School is out so I have a bit more time on my hands now. I've been slacking in my own field as my time has been consumed by random mexican studies and other stuff. To make up for that I started experimenting with Equalizer, and today I managed to get a simple OpenGL-thing rolling.
See the video. It's dead simple and currently running on my Asus eee 1000HE (hence the slowness!), but it could easily be running on 4 separate computers connected to projectors (for instance).
School started two weeks ago. Took way too many courses about Mexican history, political situation, art, etc.. and one photography course from Diseño Gráfico. With all the web-stuff and artsy-mlab-stuff I'm really keeping myself busy. I guess I'll just flunk a few of the courses since I really don't need the credits.
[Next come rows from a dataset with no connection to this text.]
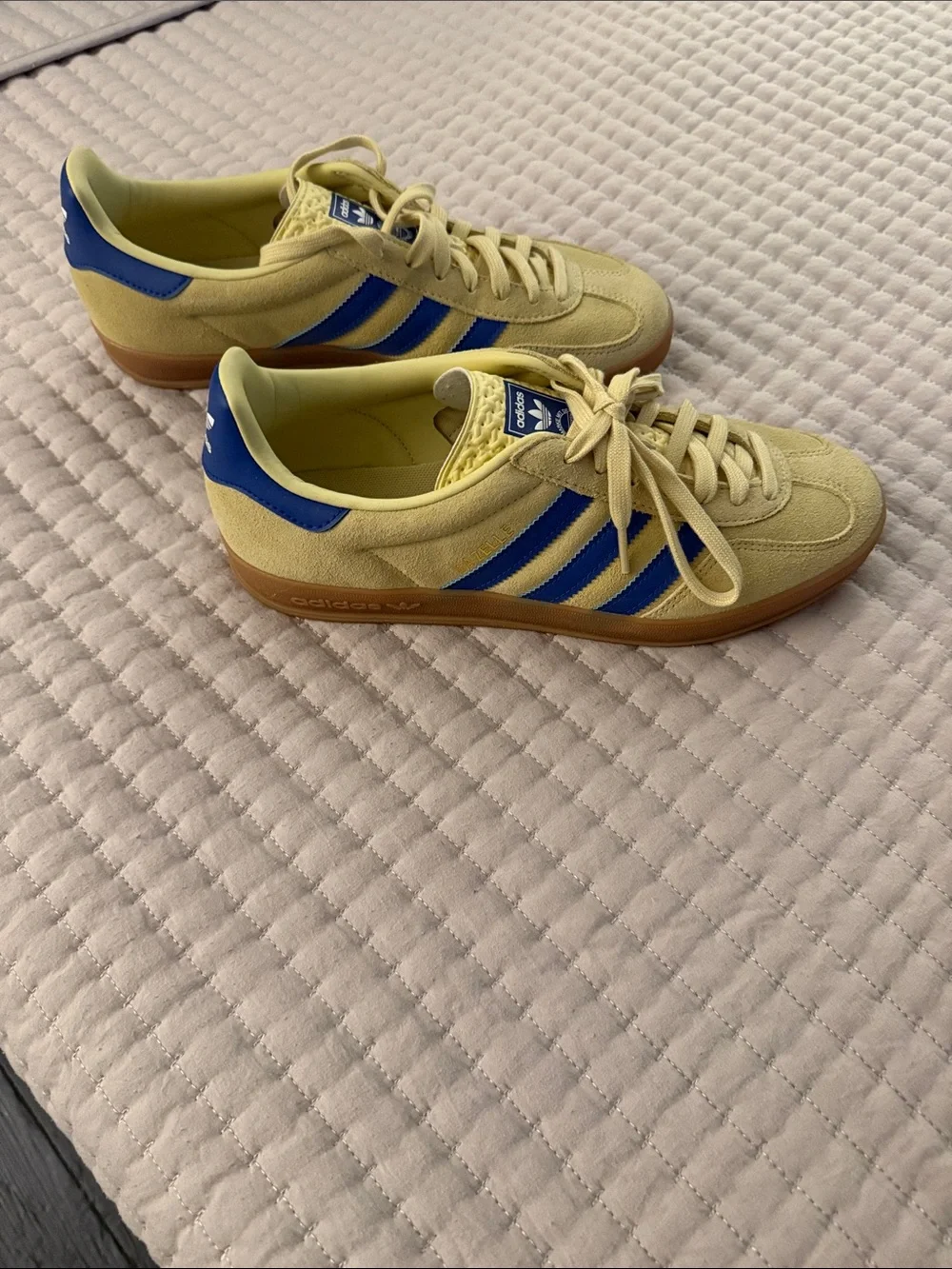 Pale yellow Adidas Gazelles with blue stripes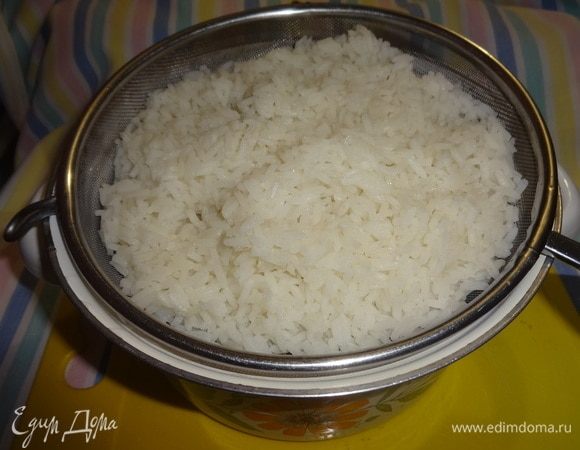 Отваренный рис откинуть на дуршлаг. Затем выложить в кастрюлю.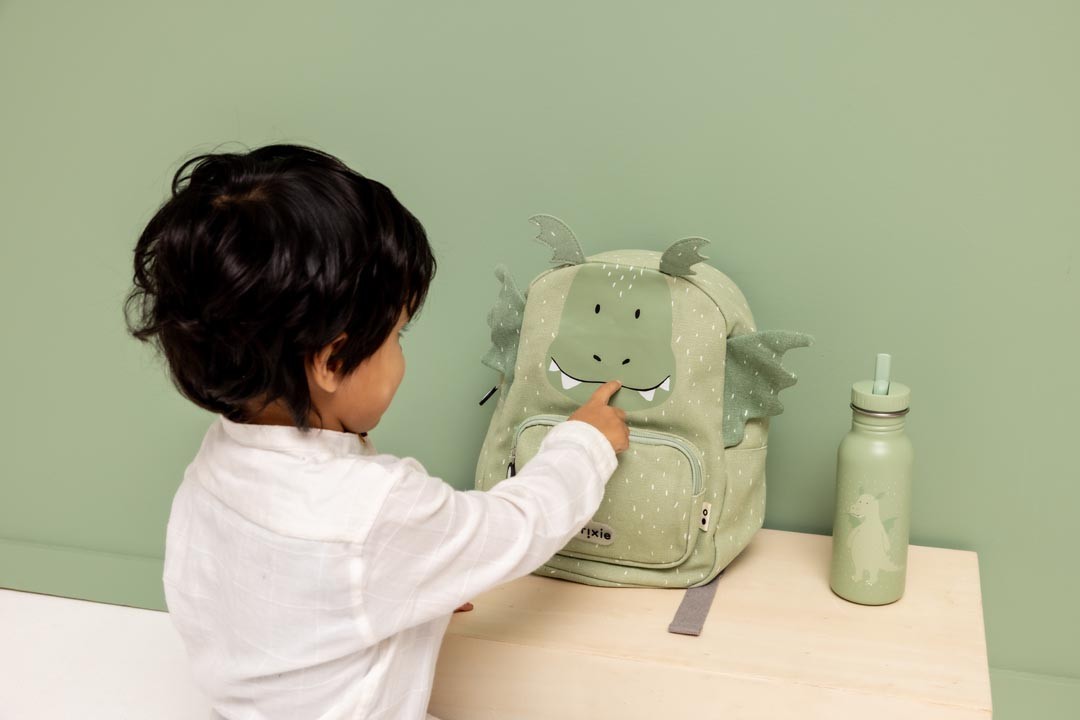 Child touching the face of a Trixie Mr. Dragon backpack beside a matching green water bottle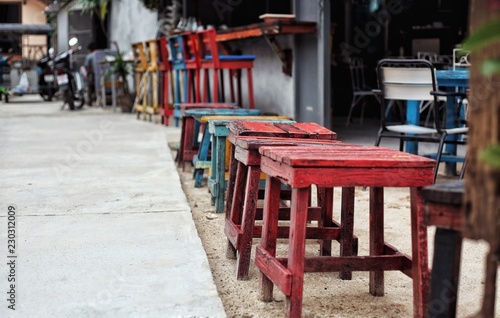 old multi-colored stools, red, blue, yellow..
Yesterday I was walking around my hood Colinas del Sur and noticed how here grey can be counted as a color! It really stands out among the violet, pink and green houses! Itä-Pasila would be a truly unique barrio here.
I'm starting to feel old. Not physically, but mentally. Maybe it's the fact that I'm probably among the oldes alumnos in the school. Anyway wednesday was my birthday and I got cake! Actually two. The first was bought by my nice spanish teacher, who also made the class sing mañanitas for me ("happy birthday"-type singsongs). The problem was that we couldn't finish it during class and I had to carry it around the uni. Fortunately the people at the international office accepted it as a donation. The second cake came from my mexican family mom here. Also very tasty.
Yesterday, after a visit to Teotihuacan, we went to Condesa to celebrate. Was fun, but ate too many tacos.
After around three weeks here, I feel confident to say that all the food I've had in Finland under the adjective "Mexican" is a lie. I knew it wasn't correct, but had no idea it would be this far off..
First I want to introduce the most important food for me so far: tacos. Especially Tacos al pastor, which could somehow be described as a delicious kebab (real - Turkish, not Finnish) meets Mexican spices and other ingredients, such as Tortillas. Normally you savour them with a selection of different salsas, lime, etc.
Tacos al Pastor with a selection of salsas and lime
Then a few quick fixes:
the tortillas we have in Finland (and presumably the rest of the Western World) are arab tortillas Locals here are not as big, but there are arab versions available if you want (this also explains why they are common in the east).
fajitas are a joke.. original meaning here is the pieces of meat that don't get used. Not a food here.
burritos are not Mexican. Invented in the U.S. (perhaps by Mexican immigrates).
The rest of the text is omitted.